28.06.2009

cinslerin savaşı

r. w. connell

tüm toplumlar, kendilerini ve üyelerini yeniden üretmek ve bu yüzden de yeni insanlar üreten cinsel ve toplumsal ilişkileri barındırıp ayakta tutmak zorundadır. işte bu nedenle, tüm toplumların kendilerini cinsiyetin biyolojik olgularıyla bağdaştırması gerekir. bundan genellikle, tüm toplumların çekirdek aile veya onun bir türü üzerinde temellenmek zorunda olduğu düşüncesi çıkarılmaktadır.

toplum, cinsiyetler arasındaki ayrımı kültürel olarak ayrıntılandırır. giysi bildik bir örnektir. insan vücudunun ortalama biçim ve görünümü açısından erkekler ve kadınlar arasında çok az farklılık vardır. toplum, söz gelimi kadınların göğüslerini veya erkeklerin penislerini vurgulayan giysilerle bu farklılıkları abartır ya da kadınlara etek, erkeklere de pantolon giydirerek onları kategorikleştirir.

herhangi bir öneme sahip işi almak için girilen rekabette erkekler kendine güvenme ve iddialı olma açısından daha üstündür. kendilerini hormonları yüzünden sürekli zayıf düştükleri bir iktidar çekişmesinde tüketmektense, tabi kılındıkları bir konumu kabul etmek kadınlar için akılcıdır. işte bu yüzden, yuva yapmayı kadınlara, iş dünyasının rekabetçi uğraşını erkeklere tahsis eden toplumsal düzenlemelerimiz var.

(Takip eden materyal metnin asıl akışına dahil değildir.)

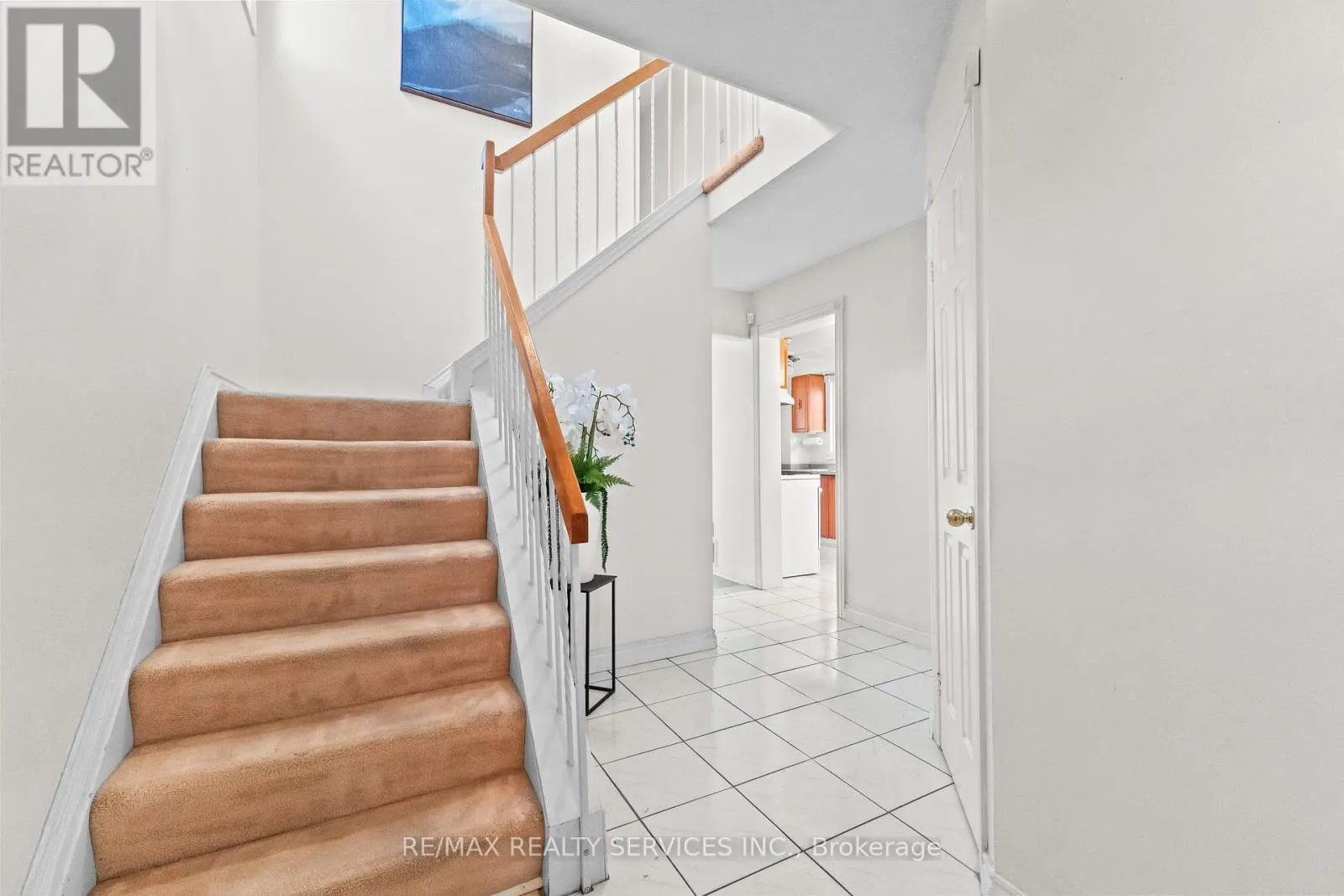 67 WILDERCROFT AVENUE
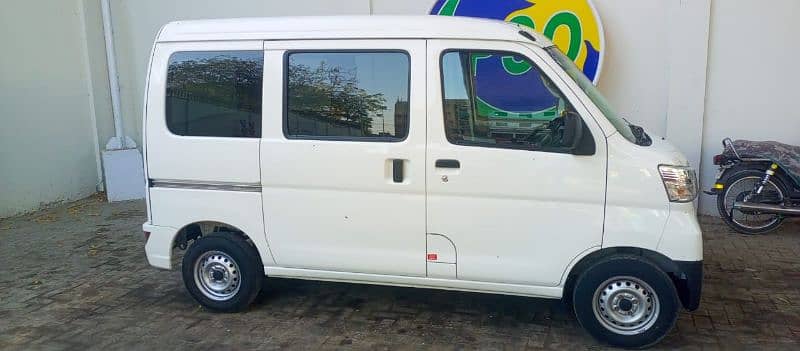 Daihatsu Hijet 2020 0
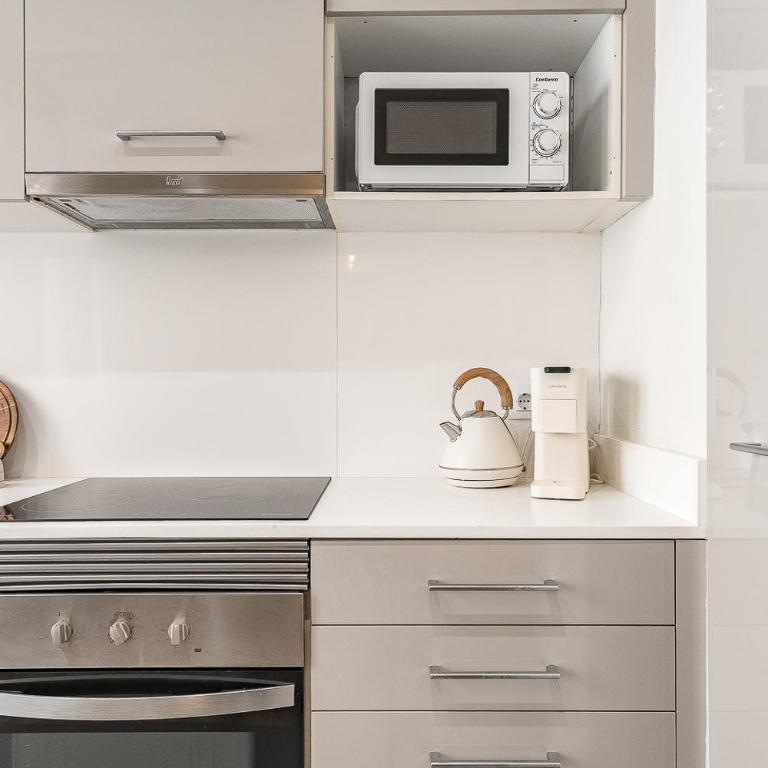 Camp Nou Grand Apartment - Four-Bedroom Luxury Apartment - 12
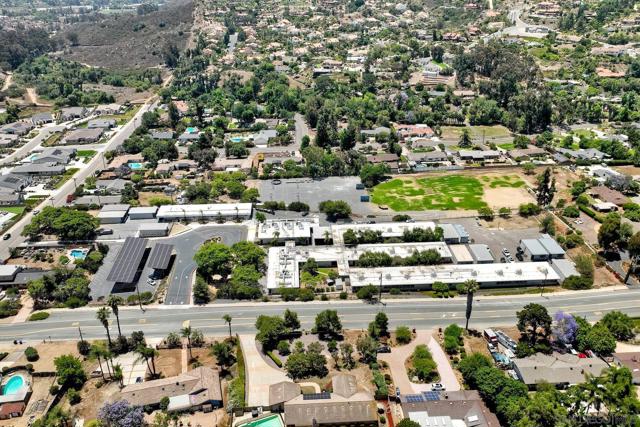 11668 Altoona Dr, El Cajon CA: https://media.crmls.org/mediaz/6ac41896-e9f5-466f-b559-5729249f97bc.jpg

kategoricilik iktidarı kabul edebilir ama pratik politika unsurunu (seçim, kuşku, strateji, planlama, hata ve dönüşüm gibi) analizinden siler atar. geleneksel popüler kültürdeki "cinslerin savaşı" komedisi, tam da bu tür bir silme işlemiyle cinsel politikanın düşüdür. kocalar yanılır, karılar dırlanır, kaynanalar çekiştirir, kızlar kırıştırır, oğlanlar çocukluktan çıkamaz ve bu kesinlikle hep böyle gider. insanlar ne tür girişimlerde bulunurlarsa bulunsunlar hiçbir şey değişmez. kategoriciliğin daha karmaşık biçimlerinde pratik politikayı marjinalleştiren keyif değil mantıktır.